COLUMN: The art of Ikramullah
LAST week I found myself participating in a literary function held in honour of a senior fiction writer who hitherto has hardly attracted the attention of any critic, or any of those intellectuals who are generally seen engaged in heated discussions in respect of contemporary writing. And that has been in spite of the fact that this writer, Ikramullah, is a known fiction writer having to his credit a number of novels, novellas, and short stories. It is surely a rare moment when a literary group thinks of arranging a function in his honour, which was held at Bagh-i-Jinnah.

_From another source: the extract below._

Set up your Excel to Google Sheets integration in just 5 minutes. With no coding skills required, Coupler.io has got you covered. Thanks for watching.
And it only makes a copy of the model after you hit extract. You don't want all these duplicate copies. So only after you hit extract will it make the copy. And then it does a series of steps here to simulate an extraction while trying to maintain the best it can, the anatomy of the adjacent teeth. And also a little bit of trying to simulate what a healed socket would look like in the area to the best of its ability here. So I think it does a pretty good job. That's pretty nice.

I can well understand the reason for this indifference of our literary world to this writer. Ikramullah stands aloof away from the literary crowd around him; he is seen happy in his seclusion, attending literary functions only on special occasions. And, on those occasions, he hardly cares to mix freely with the writers gathered there. He enjoys moving with perfect ease within the limited circle of his close friends. Controversies among writers, whether they are ideological or purely literary, hardly attract him. The literary world, too, pays him in the same coin.
We are indebted to the publishers, who have now brought out a collection of his two novellas under the title Regret (Pashemaani) in English. These two novellas have been translated by the late Raja Faruq Hassan and Professor Muhammad Umar Memon. It was a bolt from the blue. Our literary world felt thunderstruck. How did it happen that the fiction writer treated so indifferently in the Urdu circle attracted the attention of publishers such as Penguin?

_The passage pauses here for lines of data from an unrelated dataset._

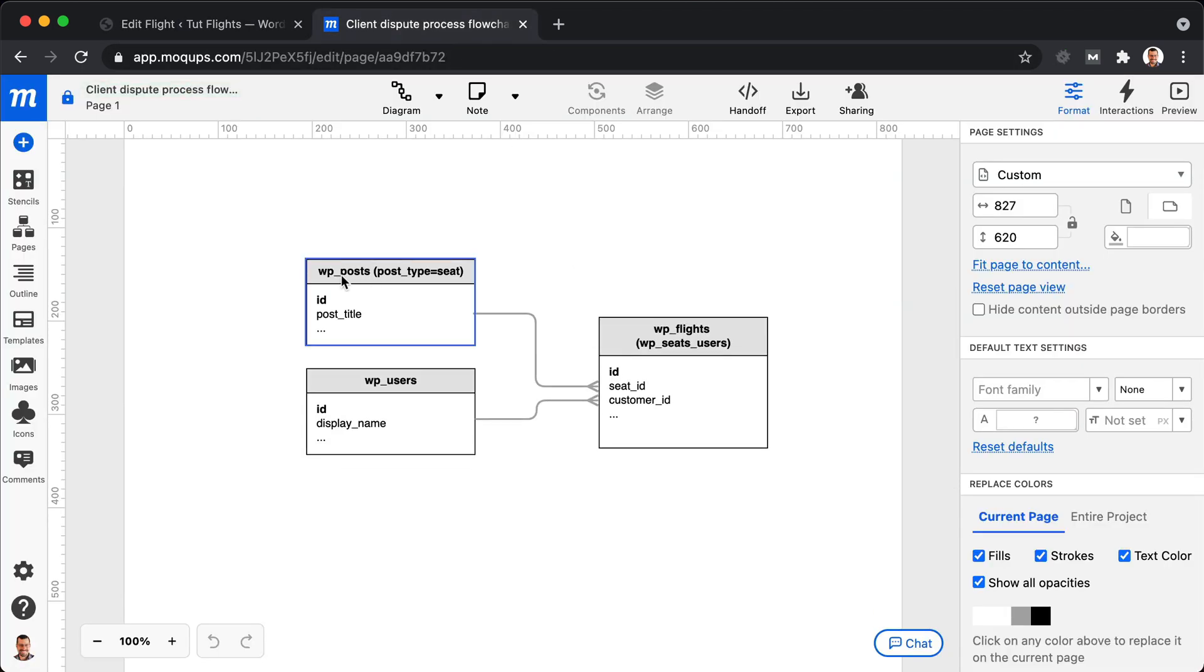And if we look at what the database should appear to be, we're using post types within WordPress, a table for that within WordPress, and it's scoped to the seat post type.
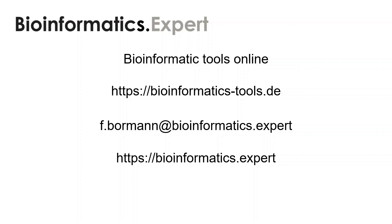If you want to use Bioinformatic Tools Online in your research or you just want to test it, then write me an email or visit my web page.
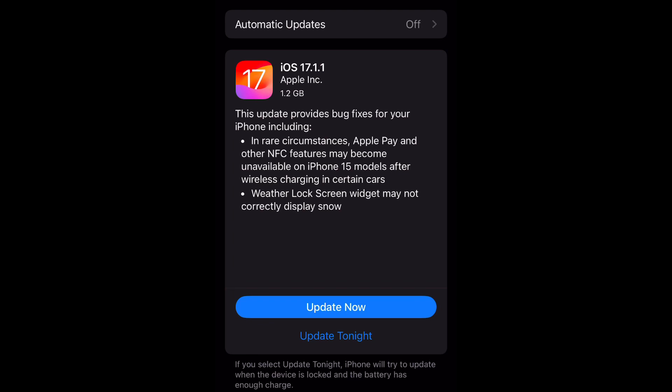Now as you can see, this update is 1.2 gigabytes — it is one of the bigger updates in size, so you want to make sure your phone is connected to the charger or at least 50% charged. This update provides bug fixes including, in rare circumstances, Apple Pay and other NFC features may become unavailable on iPhone 15 models after wireless charging in certain cars.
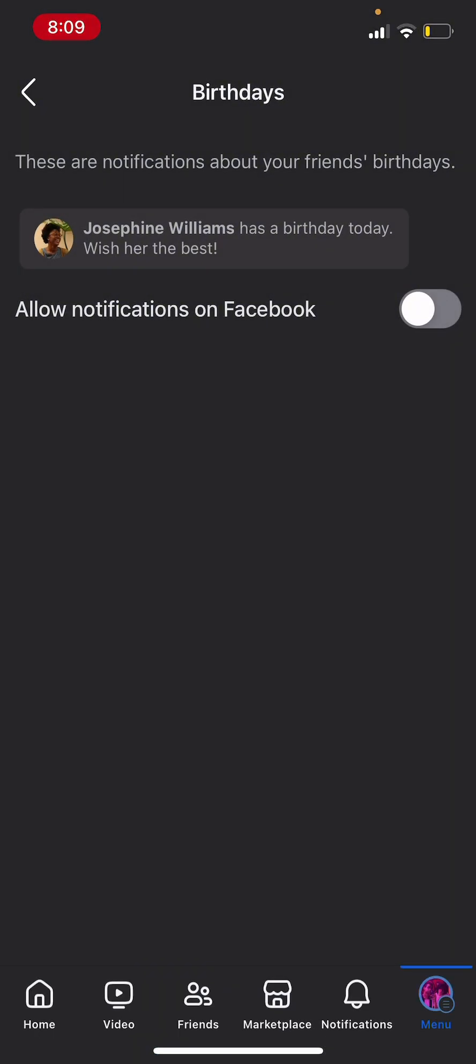And that's pretty much it. You'll get no notifications for birthdays. Hope that video was helpful.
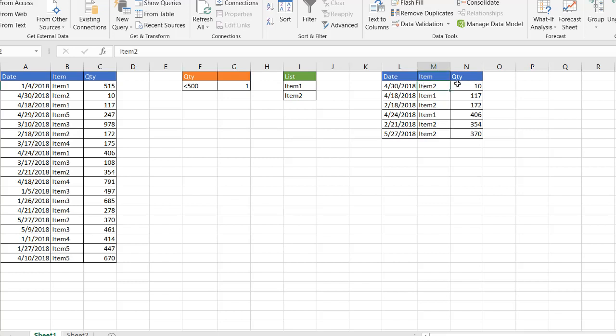So that's the way that we can look up records in a table that match a list with some criteria using the advanced filter feature. I hope that helps, thanks for watching.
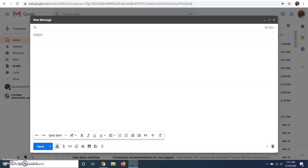This is Rachel with Rachel Smith Videography. Today I'm going to show you how to make an electronic signature and send it in an email.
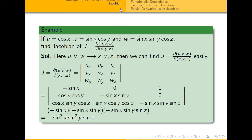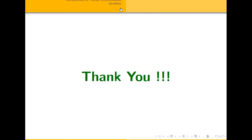Thank you. We will discuss the next article, which is composite functions and the chain rule.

In fact the two Pakistani writers, Memon and Faruq Hasan, settled in the US and Canada are responsible for the event — they deserve full credit for that. They were impressed by Ikramullah’s writings. They chose to translate his selected works in English and introduce him to a Western readership.

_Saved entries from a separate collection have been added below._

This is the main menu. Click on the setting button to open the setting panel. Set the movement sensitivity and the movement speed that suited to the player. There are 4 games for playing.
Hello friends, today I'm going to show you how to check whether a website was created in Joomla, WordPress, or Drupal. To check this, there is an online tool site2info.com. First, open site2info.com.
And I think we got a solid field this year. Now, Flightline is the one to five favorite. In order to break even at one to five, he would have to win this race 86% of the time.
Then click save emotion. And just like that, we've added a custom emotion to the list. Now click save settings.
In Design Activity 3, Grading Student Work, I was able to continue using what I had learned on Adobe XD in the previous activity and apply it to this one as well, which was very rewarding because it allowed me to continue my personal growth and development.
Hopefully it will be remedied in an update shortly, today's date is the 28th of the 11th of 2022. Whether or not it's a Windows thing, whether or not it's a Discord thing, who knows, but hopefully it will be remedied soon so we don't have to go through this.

So one fine morning Ikramullah awoke early and found to his surprise that the goddess of fame has turned kind to him. A number of intellectuals and writers had gathered in the cosmopolitan club. They had come to celebrate the occasion and to pay compliments to the celebrated novelist.
Ikramullah is primarily a novelist. His short stories are a secondary addition to his novels. We first heard his name when his novel Gurg-i-Shab (Nocturnal Wolf) was banned by censorship authorities as it was judged by them as being obscene.
I think Ikramullah is at his best in his short novels. Two such fine works are at this moment before me. They bear the titles Kitna Pani and Pashemaani. They form parts of the collection of four novellas published under the title Sawa Neze Par Suraj. Kitna Pani: what a fine piece of fiction. The novella starts with the return of the young native to his city Lahore. How excited is Ramaish to return to his Lahore. Carrying with him a sense of nostalgia he is passing through the streets and roads of Lahore. How amazed he is to find that the streets, lanes, markets, street corners, trees and buildings are still in the same shape. The whole city comes alive to us, the readers. The description of the city is realistic even in the minutest of details.
Ikramullah is a realist. While describing things he never cares to be romantic. He excels in depicting things as they actually are. This exactness of description brings in its wake a romance of its own kind. This lively description carries us back to war-time India.
As the next novella Pashemaani starts we are slowly transported to the partition of India. But in contradiction to Partition literature soaked in sentimentality, Ikramullah, while depicting such situations, remains calm and sober never allowing himself to fall victim to cheap sentimentality. The very restraint on his part brings out the grimness of the situation in a more effective way. Such is the art of this novelist.